The neural injury and plasticity training grant has two principal investigators (PI), Kathy Maguire-Zeiss, Ph.D., and Jean Wrathall, Ph.D., both from the department of neuroscience at GUMC. These PIs represent two major focus areas of this training program as Maguire-Zeiss’ laboratory studies neurodegenerative diseases, including Parkinson’s disease and HIV-associated neurocognitive disorders, and Wrathall, who initiated the program in 2001, focuses on trauma, particularly spinal cord injury and plasticity.
Maguire-Zeiss says the neural injury and plasticity training program grew out of and is still closely aligned with the Center of Neural Injury and Recovery (CNIR) which includes faculty from the Medical Center and other campuses across Georgetown University.
“These faculty members study, and most importantly collaborate, on various aspects of neural injury, regeneration and plasticity providing a rich training ground for our awardees,” explains Maguire-Zeiss.
Current training program faculty members are based in the departments of biology, neuroscience, neurology, pediatrics, physics, psychology and pharmacology.

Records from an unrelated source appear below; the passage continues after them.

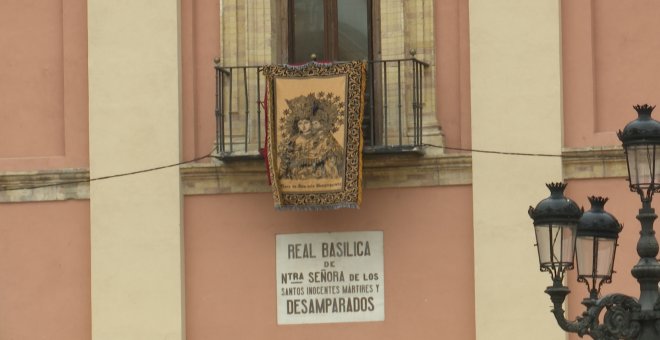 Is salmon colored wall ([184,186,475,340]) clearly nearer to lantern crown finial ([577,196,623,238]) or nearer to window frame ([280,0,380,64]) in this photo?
window frame ([280,0,380,64])

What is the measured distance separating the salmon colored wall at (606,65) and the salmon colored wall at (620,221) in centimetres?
39

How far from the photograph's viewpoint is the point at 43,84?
63.4ft

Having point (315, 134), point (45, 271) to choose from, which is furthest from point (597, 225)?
point (45, 271)

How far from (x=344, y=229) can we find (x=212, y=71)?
1.99m

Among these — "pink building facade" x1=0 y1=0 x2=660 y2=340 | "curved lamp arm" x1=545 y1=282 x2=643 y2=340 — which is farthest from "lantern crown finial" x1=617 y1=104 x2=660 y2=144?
"pink building facade" x1=0 y1=0 x2=660 y2=340

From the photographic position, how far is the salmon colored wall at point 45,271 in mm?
18969

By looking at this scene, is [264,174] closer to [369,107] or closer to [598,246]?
[369,107]

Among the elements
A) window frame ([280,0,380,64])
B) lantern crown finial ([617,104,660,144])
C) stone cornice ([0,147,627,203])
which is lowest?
stone cornice ([0,147,627,203])

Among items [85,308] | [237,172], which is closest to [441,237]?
[237,172]

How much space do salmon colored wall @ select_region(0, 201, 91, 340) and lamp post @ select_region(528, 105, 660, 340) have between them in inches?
270

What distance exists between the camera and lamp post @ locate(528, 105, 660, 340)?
12914 millimetres

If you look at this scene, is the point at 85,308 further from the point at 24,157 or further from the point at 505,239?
the point at 505,239

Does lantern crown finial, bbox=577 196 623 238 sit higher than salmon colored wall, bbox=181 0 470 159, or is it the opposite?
salmon colored wall, bbox=181 0 470 159

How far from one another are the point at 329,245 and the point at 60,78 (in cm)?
312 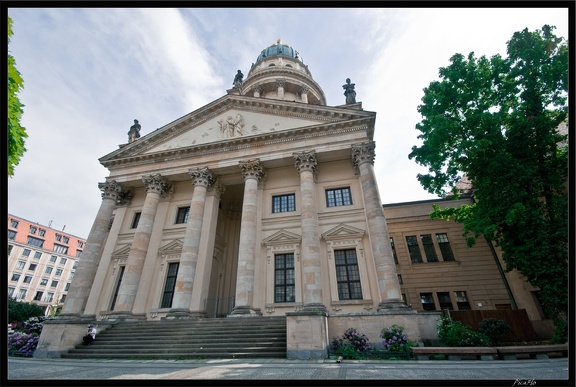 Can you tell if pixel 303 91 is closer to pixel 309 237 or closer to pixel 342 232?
pixel 342 232

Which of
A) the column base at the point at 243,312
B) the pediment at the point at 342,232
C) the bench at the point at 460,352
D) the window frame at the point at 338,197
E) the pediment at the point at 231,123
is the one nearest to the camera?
the bench at the point at 460,352

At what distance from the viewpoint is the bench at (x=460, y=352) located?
1000 centimetres

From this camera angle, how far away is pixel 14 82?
7344 millimetres

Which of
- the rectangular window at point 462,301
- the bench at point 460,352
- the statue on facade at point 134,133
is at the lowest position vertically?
the bench at point 460,352

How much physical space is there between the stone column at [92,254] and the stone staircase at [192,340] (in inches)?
147

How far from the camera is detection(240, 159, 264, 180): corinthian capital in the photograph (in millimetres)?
20281

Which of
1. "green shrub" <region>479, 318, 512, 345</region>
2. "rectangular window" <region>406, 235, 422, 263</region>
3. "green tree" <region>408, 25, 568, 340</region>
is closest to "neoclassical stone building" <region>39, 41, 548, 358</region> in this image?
"rectangular window" <region>406, 235, 422, 263</region>

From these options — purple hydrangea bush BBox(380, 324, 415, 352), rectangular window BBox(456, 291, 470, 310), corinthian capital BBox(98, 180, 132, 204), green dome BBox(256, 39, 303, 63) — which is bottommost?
purple hydrangea bush BBox(380, 324, 415, 352)

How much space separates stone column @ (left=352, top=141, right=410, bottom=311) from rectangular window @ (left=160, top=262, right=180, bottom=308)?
45.9 ft

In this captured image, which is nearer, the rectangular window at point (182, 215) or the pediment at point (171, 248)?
the pediment at point (171, 248)


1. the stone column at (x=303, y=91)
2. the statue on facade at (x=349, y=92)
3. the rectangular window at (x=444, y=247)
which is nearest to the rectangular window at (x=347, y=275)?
the rectangular window at (x=444, y=247)

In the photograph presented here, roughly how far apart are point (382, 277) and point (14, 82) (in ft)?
55.0

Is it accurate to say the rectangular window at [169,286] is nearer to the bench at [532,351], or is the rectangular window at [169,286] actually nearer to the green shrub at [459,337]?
the green shrub at [459,337]

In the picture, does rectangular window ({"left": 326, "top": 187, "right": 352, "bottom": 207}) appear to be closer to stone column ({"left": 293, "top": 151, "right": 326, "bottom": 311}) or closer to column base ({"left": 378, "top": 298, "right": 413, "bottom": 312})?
stone column ({"left": 293, "top": 151, "right": 326, "bottom": 311})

This diverse faculty is unique in that it provides fellows a broad spectrum of training opportunities, which fosters collaboration and allows for exposure to diverse experimental and theoretical approaches.

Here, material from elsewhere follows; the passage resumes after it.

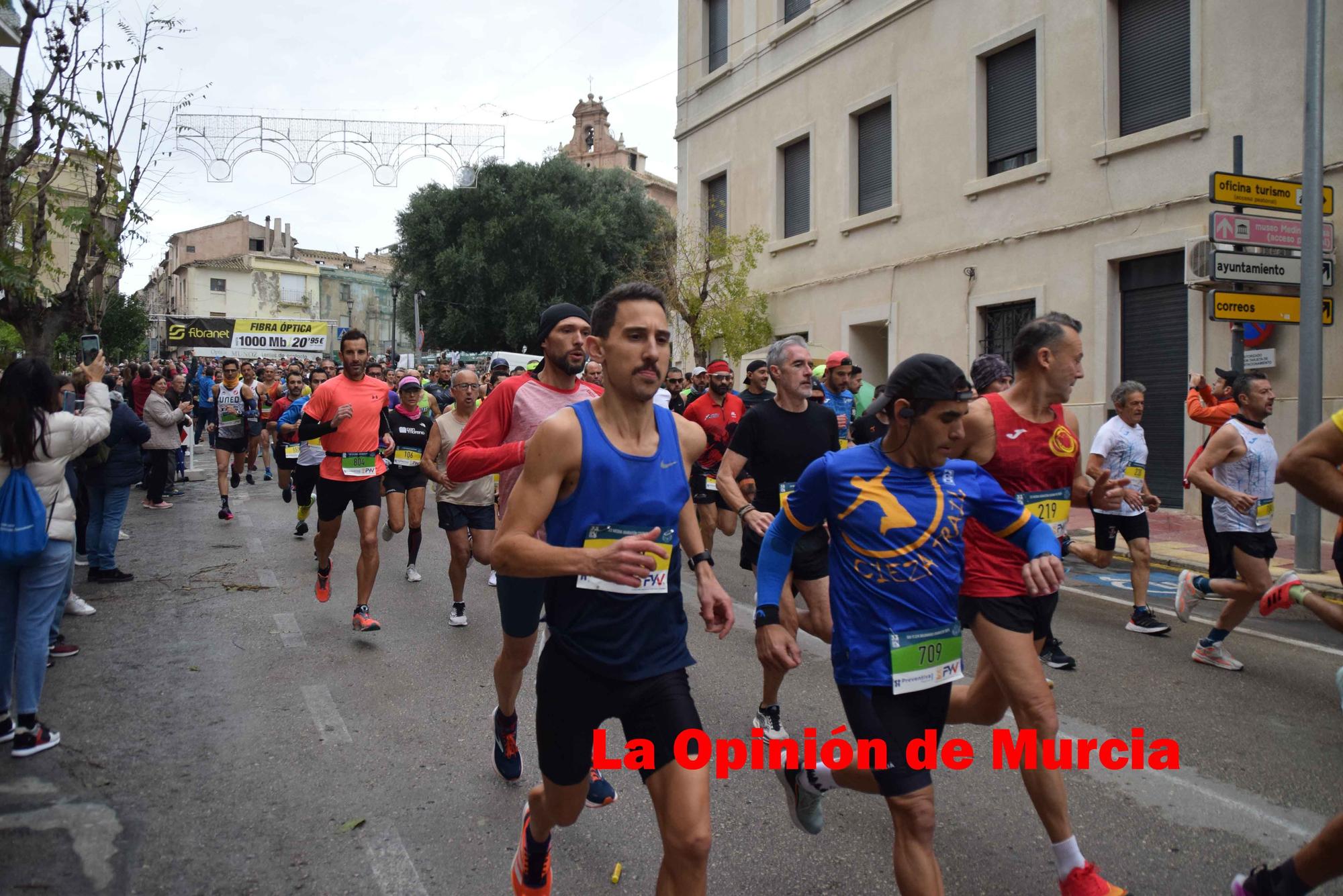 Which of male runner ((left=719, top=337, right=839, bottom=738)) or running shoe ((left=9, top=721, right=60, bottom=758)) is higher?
male runner ((left=719, top=337, right=839, bottom=738))

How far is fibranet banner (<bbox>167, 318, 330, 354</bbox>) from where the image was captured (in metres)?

The renewal of this grant demonstrates NIH’s confidence in Georgetown’s successful track record in training future neuroscientists.

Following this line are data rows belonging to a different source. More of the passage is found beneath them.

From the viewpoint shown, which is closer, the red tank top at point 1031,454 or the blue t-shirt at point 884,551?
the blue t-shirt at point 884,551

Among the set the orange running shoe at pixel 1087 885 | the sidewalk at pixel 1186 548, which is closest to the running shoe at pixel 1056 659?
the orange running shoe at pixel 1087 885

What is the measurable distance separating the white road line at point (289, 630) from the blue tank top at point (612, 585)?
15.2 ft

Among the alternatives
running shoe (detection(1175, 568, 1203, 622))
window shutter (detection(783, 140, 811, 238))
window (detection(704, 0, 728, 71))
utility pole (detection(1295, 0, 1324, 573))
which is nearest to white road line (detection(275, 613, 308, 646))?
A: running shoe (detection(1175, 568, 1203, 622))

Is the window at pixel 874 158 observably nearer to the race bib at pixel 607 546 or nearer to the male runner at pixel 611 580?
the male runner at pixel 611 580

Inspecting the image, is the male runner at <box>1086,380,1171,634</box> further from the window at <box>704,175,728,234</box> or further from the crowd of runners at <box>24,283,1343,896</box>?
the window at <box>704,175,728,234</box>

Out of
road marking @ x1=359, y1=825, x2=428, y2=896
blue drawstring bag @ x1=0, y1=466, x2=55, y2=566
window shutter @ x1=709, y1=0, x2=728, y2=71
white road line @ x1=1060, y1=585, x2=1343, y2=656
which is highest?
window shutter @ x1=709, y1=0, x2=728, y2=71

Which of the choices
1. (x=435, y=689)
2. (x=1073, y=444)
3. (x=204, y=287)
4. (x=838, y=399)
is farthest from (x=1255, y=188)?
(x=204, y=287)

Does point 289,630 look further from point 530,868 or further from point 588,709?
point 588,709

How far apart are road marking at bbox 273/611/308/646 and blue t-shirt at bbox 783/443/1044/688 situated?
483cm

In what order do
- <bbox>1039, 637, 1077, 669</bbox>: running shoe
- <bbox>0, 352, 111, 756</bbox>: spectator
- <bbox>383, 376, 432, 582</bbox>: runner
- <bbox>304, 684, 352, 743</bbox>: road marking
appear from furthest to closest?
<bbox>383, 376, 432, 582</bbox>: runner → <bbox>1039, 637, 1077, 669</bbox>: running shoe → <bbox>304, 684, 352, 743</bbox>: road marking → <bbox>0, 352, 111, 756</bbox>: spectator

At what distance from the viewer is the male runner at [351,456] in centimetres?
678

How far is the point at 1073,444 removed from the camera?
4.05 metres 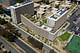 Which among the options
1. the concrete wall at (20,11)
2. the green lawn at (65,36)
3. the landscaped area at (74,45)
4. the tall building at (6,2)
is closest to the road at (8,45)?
the concrete wall at (20,11)

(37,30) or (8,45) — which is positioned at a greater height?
(37,30)

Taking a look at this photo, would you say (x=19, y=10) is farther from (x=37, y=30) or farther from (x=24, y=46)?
(x=24, y=46)

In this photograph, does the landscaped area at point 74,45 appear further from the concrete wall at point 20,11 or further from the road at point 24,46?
the concrete wall at point 20,11

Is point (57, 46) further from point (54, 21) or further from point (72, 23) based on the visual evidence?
point (72, 23)

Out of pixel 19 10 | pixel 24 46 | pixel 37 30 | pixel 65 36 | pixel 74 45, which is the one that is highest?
pixel 19 10

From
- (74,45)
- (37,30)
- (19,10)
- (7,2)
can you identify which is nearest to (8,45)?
(37,30)

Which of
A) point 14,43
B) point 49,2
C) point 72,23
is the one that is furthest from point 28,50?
point 49,2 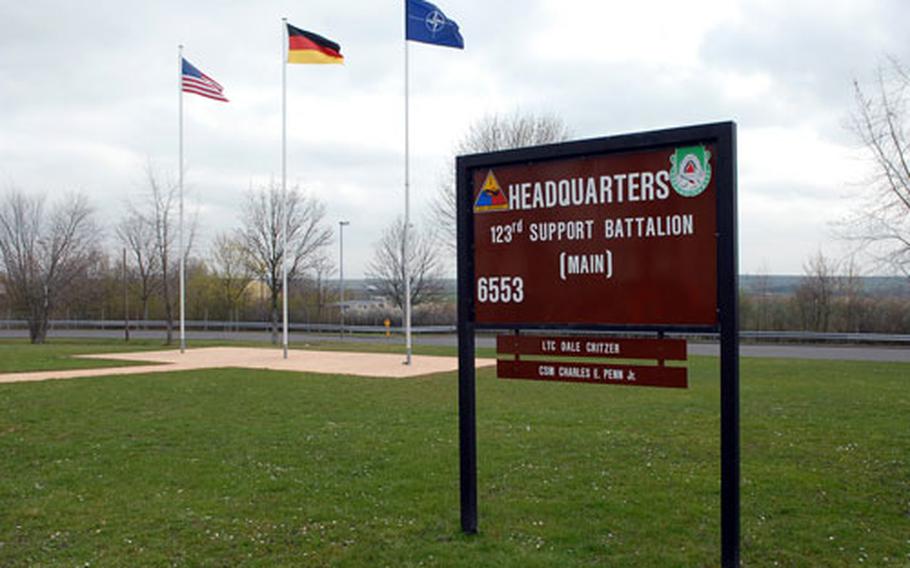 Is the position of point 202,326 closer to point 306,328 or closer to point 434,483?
point 306,328

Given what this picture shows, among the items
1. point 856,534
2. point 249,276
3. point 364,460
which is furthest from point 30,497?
point 249,276

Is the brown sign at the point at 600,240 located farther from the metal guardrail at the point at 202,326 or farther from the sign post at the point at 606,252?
the metal guardrail at the point at 202,326

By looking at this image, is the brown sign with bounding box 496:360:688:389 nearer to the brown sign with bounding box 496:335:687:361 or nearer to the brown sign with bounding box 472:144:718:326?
the brown sign with bounding box 496:335:687:361

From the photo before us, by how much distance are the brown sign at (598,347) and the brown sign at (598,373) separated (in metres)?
0.08

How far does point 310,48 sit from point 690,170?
2037 cm

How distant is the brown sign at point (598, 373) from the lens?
4.93m

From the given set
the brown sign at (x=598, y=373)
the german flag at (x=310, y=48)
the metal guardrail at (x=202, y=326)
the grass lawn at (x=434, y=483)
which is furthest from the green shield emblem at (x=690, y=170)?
the metal guardrail at (x=202, y=326)

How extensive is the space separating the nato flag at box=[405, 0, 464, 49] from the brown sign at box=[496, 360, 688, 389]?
1590 centimetres

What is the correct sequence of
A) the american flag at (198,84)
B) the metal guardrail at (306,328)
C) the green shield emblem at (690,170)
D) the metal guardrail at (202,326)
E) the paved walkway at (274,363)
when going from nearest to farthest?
the green shield emblem at (690,170)
the paved walkway at (274,363)
the american flag at (198,84)
the metal guardrail at (306,328)
the metal guardrail at (202,326)

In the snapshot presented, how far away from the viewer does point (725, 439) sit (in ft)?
15.2

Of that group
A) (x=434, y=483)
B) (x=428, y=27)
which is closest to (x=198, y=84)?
(x=428, y=27)

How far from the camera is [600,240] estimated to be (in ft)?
17.0

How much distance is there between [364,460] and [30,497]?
2.93m

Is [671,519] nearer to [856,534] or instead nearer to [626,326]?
[856,534]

“We have trained 13 pre-doctoral trainees and 7 post-doctoral trainees who together have published over 60 peer-reviewed manuscripts,” says Wrathall. “Our long-range goal of the training program is to create a cadre of neuroscientists trained for research in this field. Our success is evident as all of our past trainees have gone on to successfully complete their doctorates.”
“We are particularly excited to announce this year’s neural injury and plasticity trainees,” says Maguire-Zeiss. “This group of doctoral thesis students has already demonstrated outstanding academic and research achievements and possess a keen interest in neurotrauma and neurodegenerative disorders.”
The 2012-2013 trainees are Teal Connor, Misha Smirnov, Patty Washington and Charisse Winston. Their projects range from studies on the molecular aspects of Alzheimer’s disease and traumatic brain injury to the development of nanofabrication materials that promotes neuronal regeneration.